New dinosaur taxa he has helped name include Lourinhanosaurus antunesi (1998), Dinheirosaurus lourinhanensis (1999), Tangvayosaurus hoffeti (1999), Draconyx loureiroi (2001), Lusotitan atalaiensis (2003), Europasaurus holgeri (2006), Allosaurus europaeus (2006), Angolatitan adamastor (2011), Torvosaurus gurneyi (2014), Zby atlanticus (2014), Galeamopus (2015), Issi saaneq (2021), and Iberospinus natarioi (2022).

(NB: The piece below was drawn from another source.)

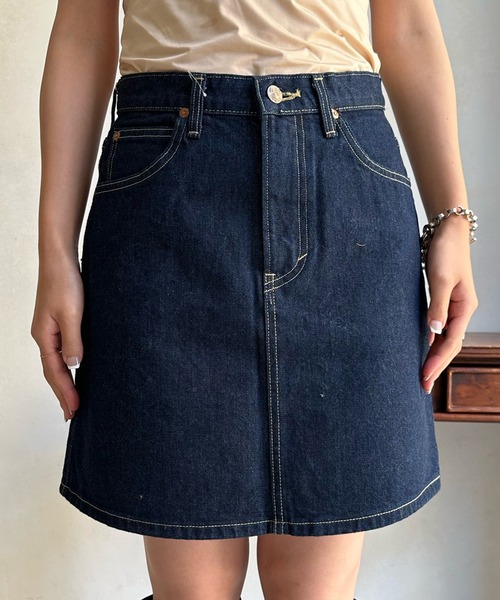 DouDou（ドゥドゥ）の「【LEE/リー】STANDARD WARDROBE デニムミニスカート（デニムスカート・レディース・ブラック/インディゴブルー・X-SMALL/SMALL）」の22枚目の写真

Since 1991, Octávio Mateus has organized dinosaur excavations in Portugal, as well as Laos with the French team of the Paris Museum of Natural History, led by Prof. Philippe Taquet. He has worked in Angola, where he discovered Angolatitan, the first Angolan dinosaur in the scope of a project in the area of vertebrate paleontology of Angola. He collaborates with diverse international scientific institutions as the scientific council member of the German foundation Verein zur Förderung der niedersächsischen Paläontologie.
He also studied dinosaur tracks and eggs, phytosaurs, chelonians, and whales.
In 2012, he integrated an expedition to the Triassic of Greenland in Jameson Land.

== Controversies ==
In 2023, Mateus was accused of sexual harassment spanning back to 2010.